Шрифт:
Интервал:
Закладка:
Едва ли более однозначный характер имело обращение Эрнста Блоха. Тот, как уже говорилось, будучи еще решительным антиленинцем, выступал за победу Антанты, «которая при всех обстоятельствах ближе стоит к победе любимой Германии, царству глубины, чем торжество Пруссии»{1005}. Но тут всегда присутствовала еще и Россия, «полная крестьян и христианства… и все сны наяву Ивана Карамазова, веровавшего в Бога, но отвергавшего его мир, пронижут, изойдя из России, всю действительность»{1006}. Блох все больше начинал обнаруживать в Советской России подлинное «царство глубины», он говорил о «безумной разновременности страны», в которой желанное «царство третьего Евангелия» постепенно приобретает реальные очертания. «Эта Индия в тумане» призвана снова передать «пустому западному человеку» исконную заряженную хилиазмом религиозность. Здесь «впервые» к власти пришел «Христос как Царь», который призван осуществлять «право силы добра» — и который для Блоха в общих чертах принял теперь образ Ленина, а позднее, конечно, Сталина{1007}[174].
Георг Лукач внезапно резко повернул от философии немецкого идеализма к большевизму через русскую литературу, прежде всего через чтение произведений Толстого и Достоевского, которые в своих персонажах уже предчувствовали появление «нового человека» и пророчески изобразили его. Его ранняя работа — «Теория романа» — завершается утверждением, что роман есть «форма эпохи абсолютной греховности», которую Достоевский единственно верно изобразил и одновременно преодолел: «Он принадлежит новому миру»{1008}. С остроумно-заумным передергиванием Лукач объясняет своему другу-скептику Йожефу Лендьелю (отсылая к «Братьям Карамазовым»): «Мы, коммунисты, подобны Иуде. Наша кровавая работа состоит в распятии Христа… Мы, коммунисты, берем на себя, таким образом, грехи мира, чтобы спасти этим мир»{1009}.

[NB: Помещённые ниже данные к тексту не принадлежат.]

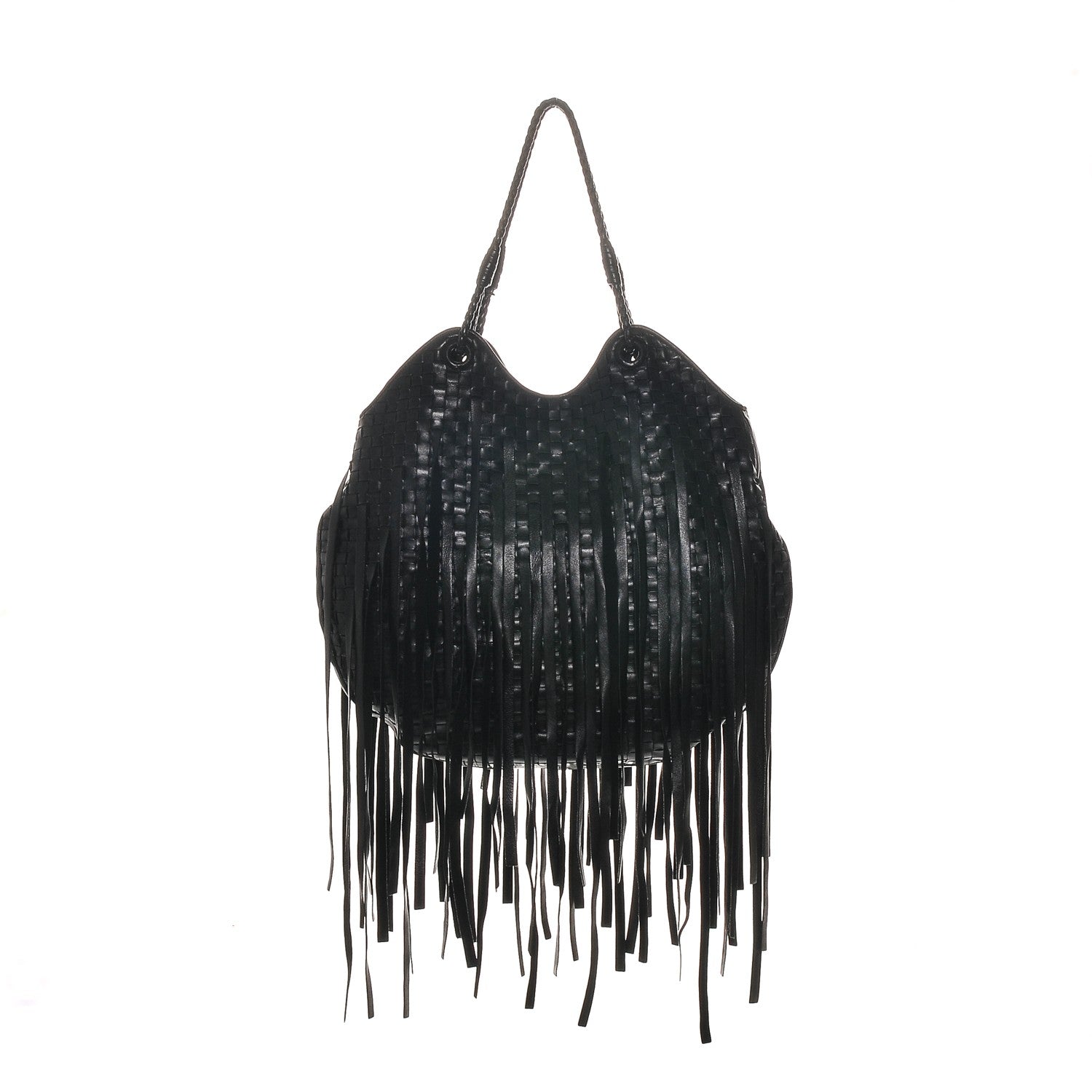 Bottega Veneta Nappa Intrecciato Fringe Hobo Nero Black 1 of 8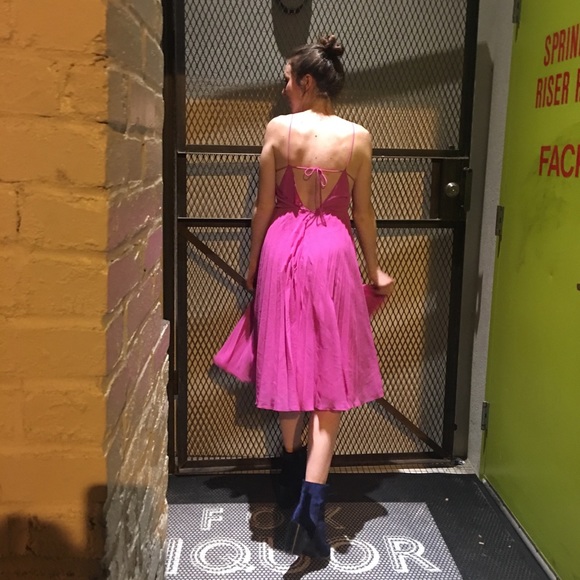 fuchsia pink midi dress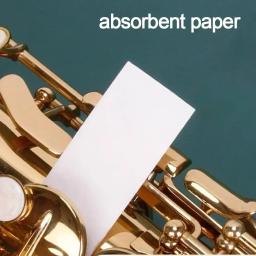 Flauta saxofone clarinete botão papel absorvente folha de cuidados limpos papéis anti-pegajosos secagem absorvente limpador sax acessórios - Image 2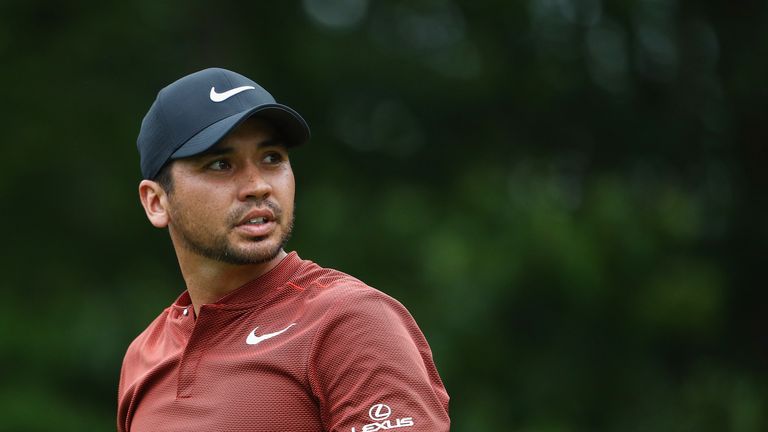 CROMWELL, CT - JUNE 23:  Jason Day of Australia reacts from the 14th tee during the second round of the Travelers Championship at TPC River Highlands on Ju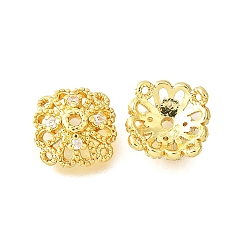 Настоящее золото 18K Колпачки для бусин из прозрачного кубического циркония в форме цветка из латуни, долговечный, без кадмия и без свинца, стойки покрытие, реальный 18 k позолоченный, 10x10x3.5 мм, отверстие : 1.2 мм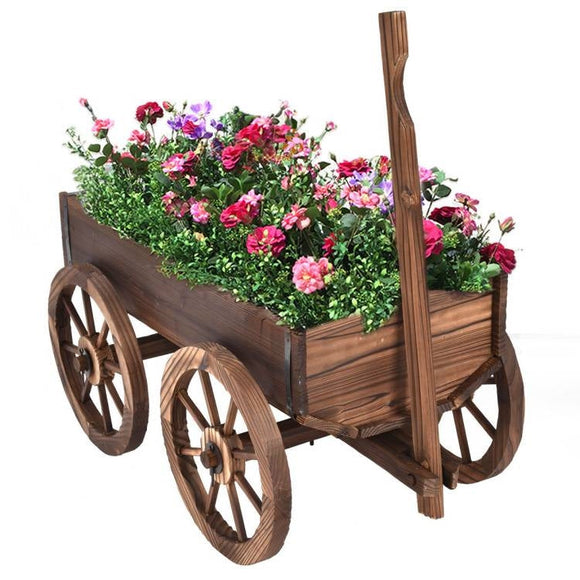 Outdoor Garden Fir Wood Barrel Planter Wagon on Wooden Wheels - FREE SHIPPING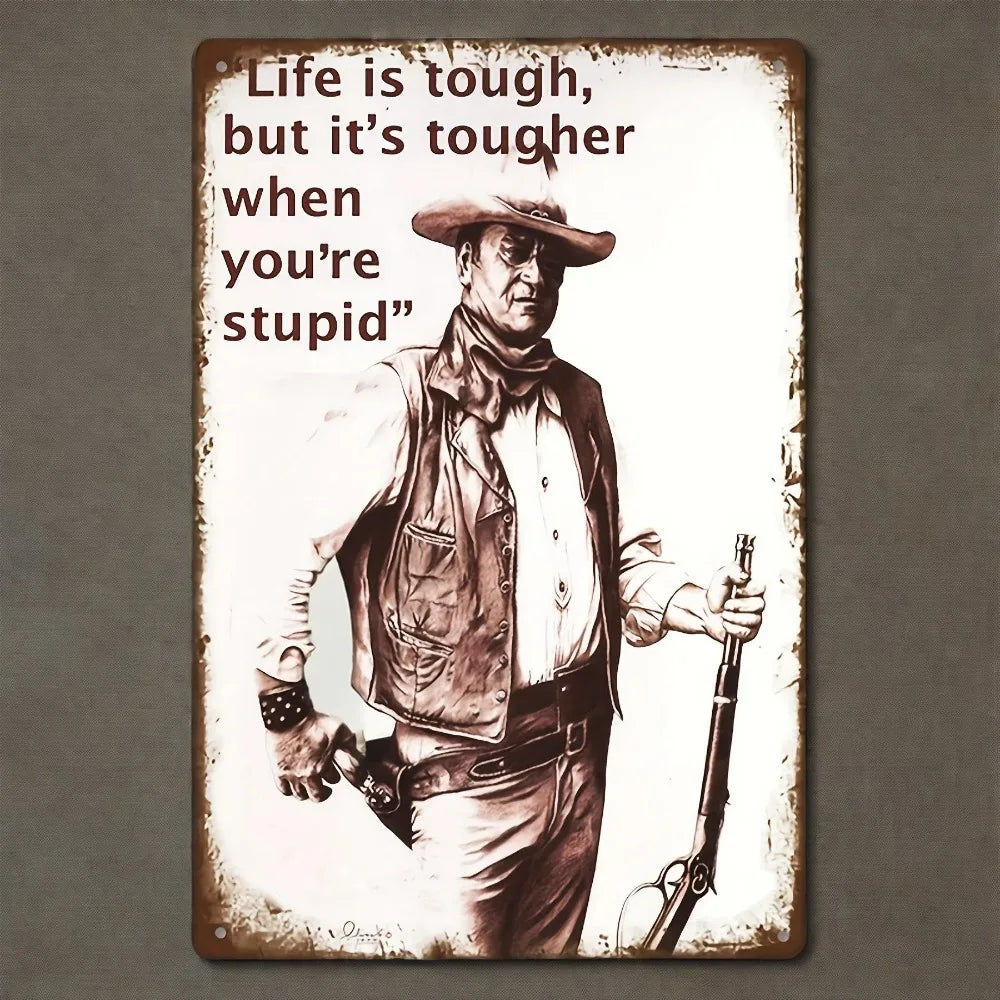 30x20 cm Waterproof & Dustproof Metal Tin Plaque - Legendary Cowboy Poster Artwork - Unique & Charming Home Wall Decor for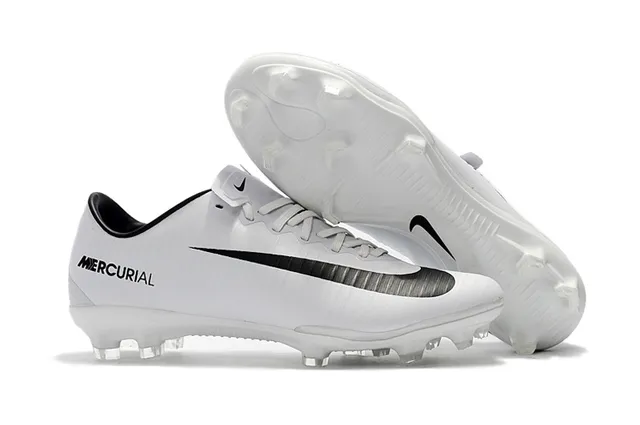 Nike Mercurial Vapor Black White Yellow أحذية كرة القدم على أرض صلبة 20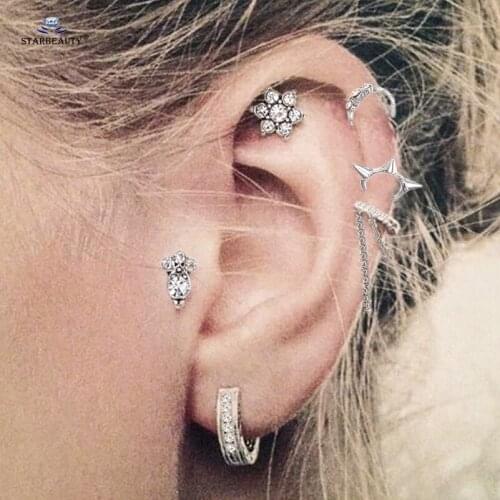 6 pcs/lot Owl Bijoux Flower Tassel Ear Cuff Earrings Tragus Piercing Helix Piercing Fake Piercing Pircing Fake Nose Ring Jewelry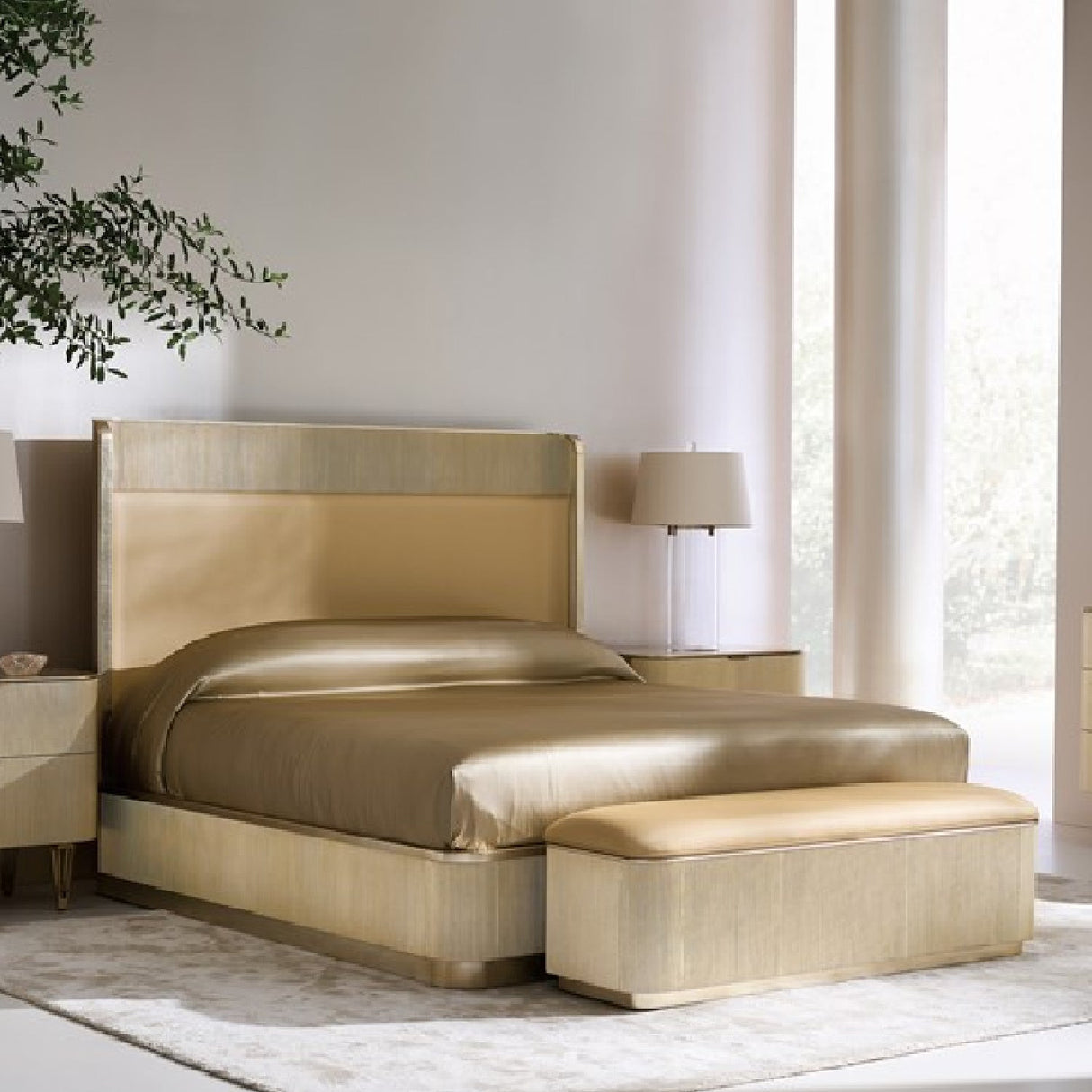 Reeded Headboard King Bed – Fall In Love – angled view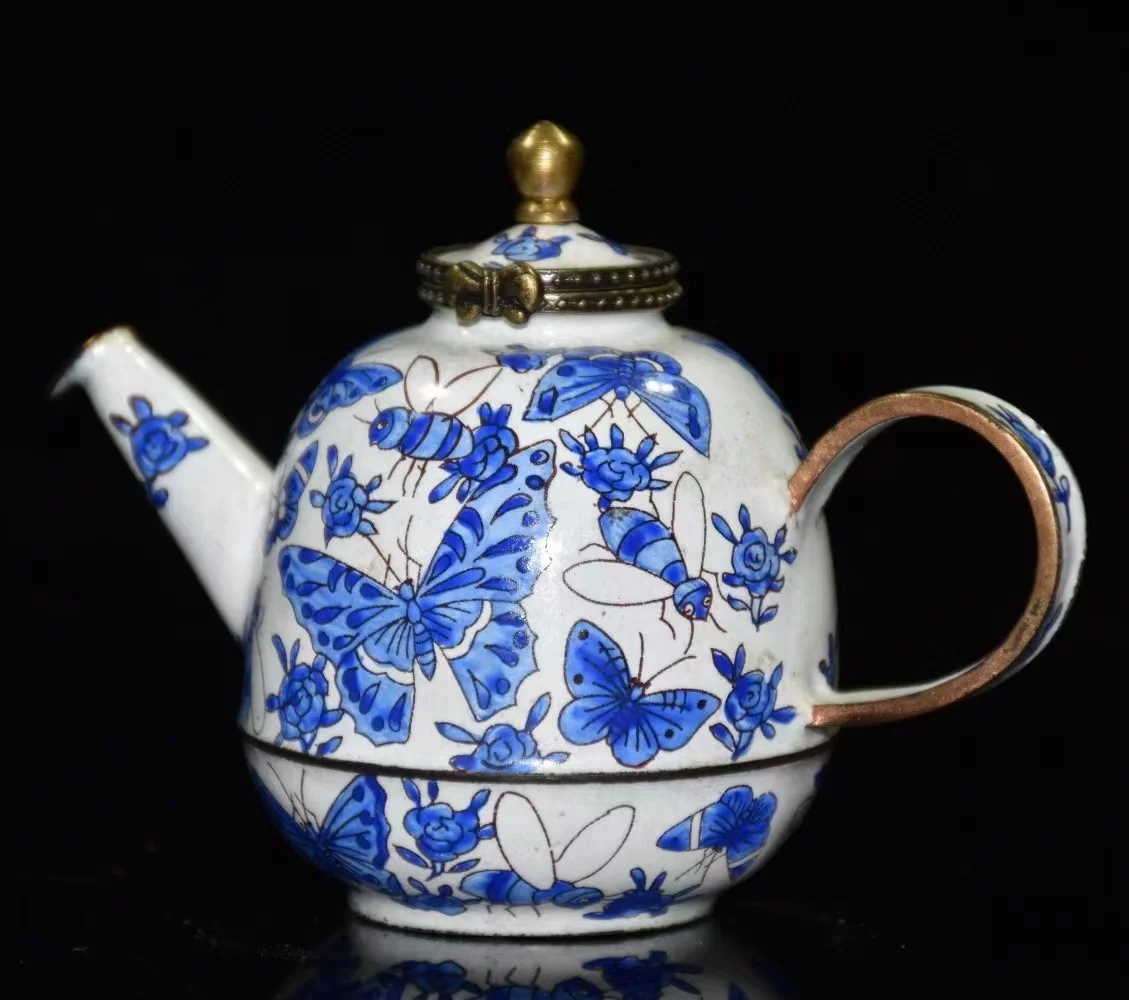 

Collectable old QingDyansty copper&CloisonneBees & Butterflies teapot,free shipping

Этому экзистенциальному протовыбору (в том смысле, какой придавал ему Сартр) следовала также его метафизическая конструкция «истории и классовой борьбы» как саморазвития гегелевского мирового духа, который в Марксе впервые пришел к осознанию себя самого и воплотился в созданной Лениным партии пролетариата, пока не явился Сталин как его высшее воплощение. На основе этой более высокой познавательной позиции Лукачу удается всякий раз легитимировать свой выбор, поскольку ведь и «зло» может быть «проводником объективного прогресса», а «деспотия террора» — лишь последней формой «отчуждения», которое уже содержит в себе свое упразднение{1010}.
Течения и явления
Все это, разумеется, только более или менее характерные осколки, фрагменты, комментарии, взятые из совокупной картины, которую не просто свести ко всеобщей «ориентации на Восток». Но то, что такие вирулентные подводные течения и завихрения составляли существенную часть интеллектуальной жизни межвоенного периода в Германии, от правых до левых и вплоть до центра политического спектра, как мне кажется, опровергнуть трудно. Существовал даже немецкий «культурбольшевизм», каким бы одиозным ни был этот геббельсовский термин. Во всяком случае, в интеллектуальном Веймаре — Берлине, этой исключительно живой и продуктивной «республике аутсайдеров» (Питер Гэй), помимо политических симпатий существовали еще и идеалистические до-политические симпатии к «новой России», которые могли привести как к серьезным достижениям, так и к неудачам.
В качестве негативного свидетельства можно было бы рассматривать тот факт, что эмигрантский «русский Берлин», с его колоссальной пестротой культур в художнической и интеллектуальной жизни, уже в середине 1920-х гг. стал пустеть, так что это просто начало напоминать бегство. Видимо, виной тому были не только социальные причины, что-то, вероятно, изменилось в атмосфере города. С «белыми» эмигрантами, кем бы они ни были — социалистами, либералами или монархистами, еврейскими интеллектуалами или русскими дворянами, — в Веймарской Германии стали обращаться как с «бывшими людьми» еще быстрее и радикальнее, чем это произошло во Франции или Америке. К тому же Берлин, сделавшись второй столицей Коминтерна и финансовым центром для поддержания всех, как легальных, так и конспиративных, заграничных связей СССР, становился все неуютнее и опаснее для тех, кто не был сторонником партии или не заключил никаких соглашений.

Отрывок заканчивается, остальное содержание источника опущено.